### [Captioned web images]
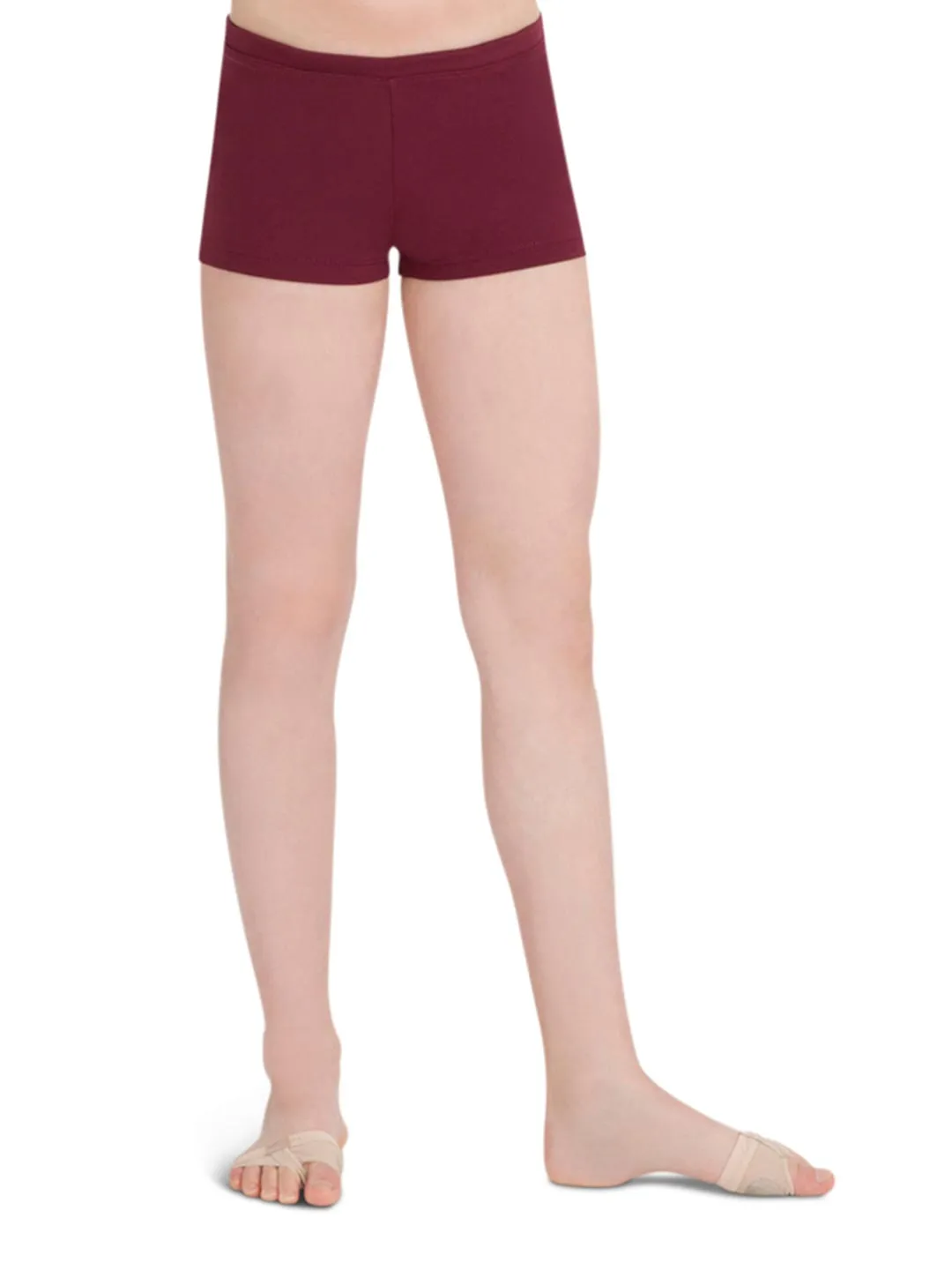 CAPEZIO TB113C HIPSTER BOY SHORT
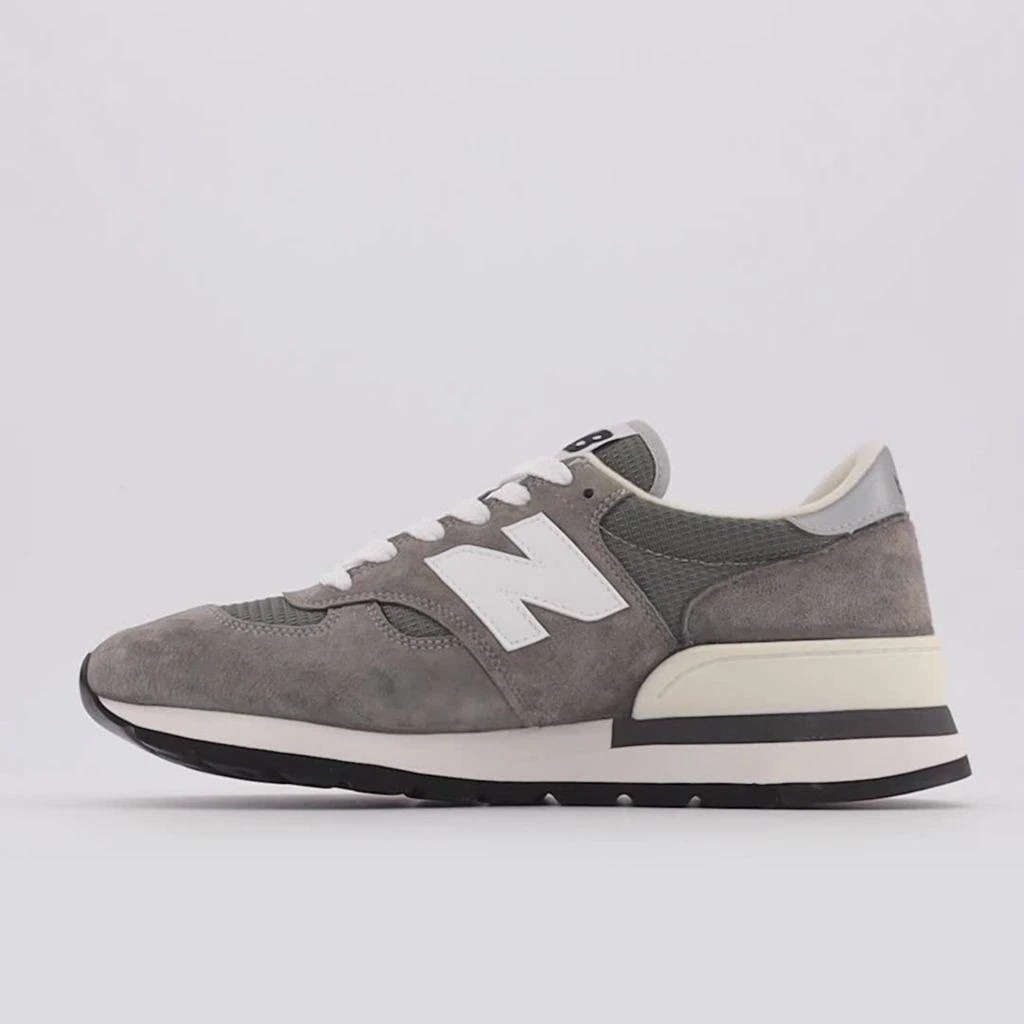 New Balance MADE in USA 990v1 Core 9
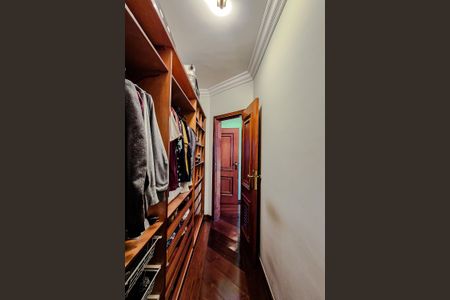 Apartamento para alugar com 600m², 4 quartos e 5 vagasQuarto 2 - Suíte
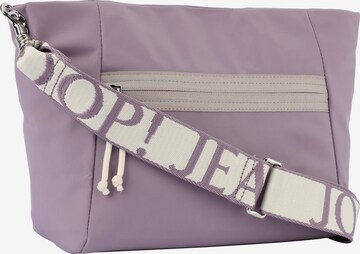 JOOP! Crossbody Bag 'Kaja' in Purple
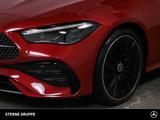 Mercedes-Benz CLE 200 4M AMG Pano Memory LED Ambi  20" Totw - Mercedes-Benz CLE-Class: Rot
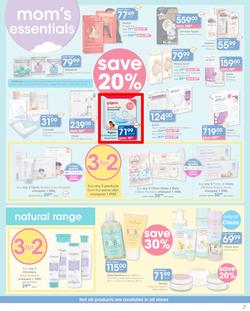 Clicks : You Pay Less (23 Oct - 6 Nov 2018), page 7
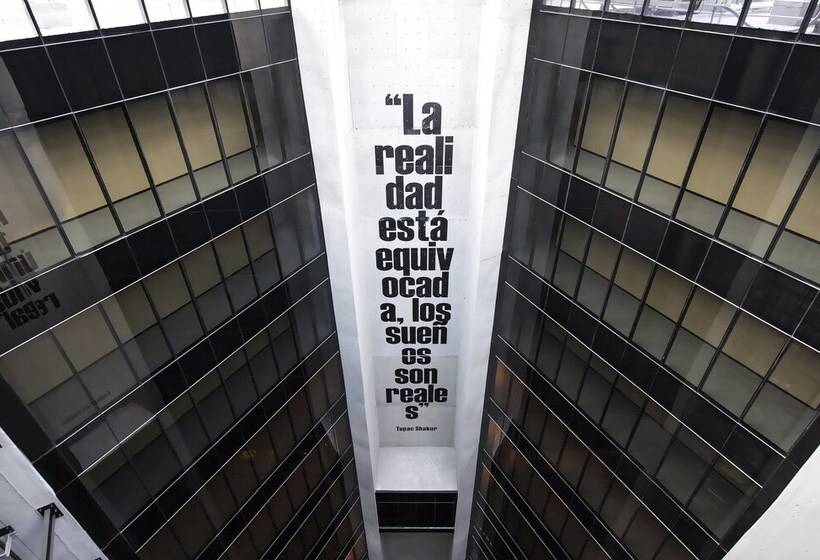 Fotos del hotel Grand Fiesta Americana Monterrey Valle:  14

### [Task statement]
Reproduce the span beginning at the line with "Mercedes-Benz CLE 200" and ending at the last line of the entries above, inclusive, exactly as it stands. Exclude the pictures.

### [Finished exercise]
 Mercedes-Benz CLE 200 4M AMG Pano Memory LED Ambi  20" Totw - Mercedes-Benz CLE-Class: Rot
 Clicks : You Pay Less (23 Oct - 6 Nov 2018), page 7
 Fotos del hotel Grand Fiesta Americana Monterrey Valle:  14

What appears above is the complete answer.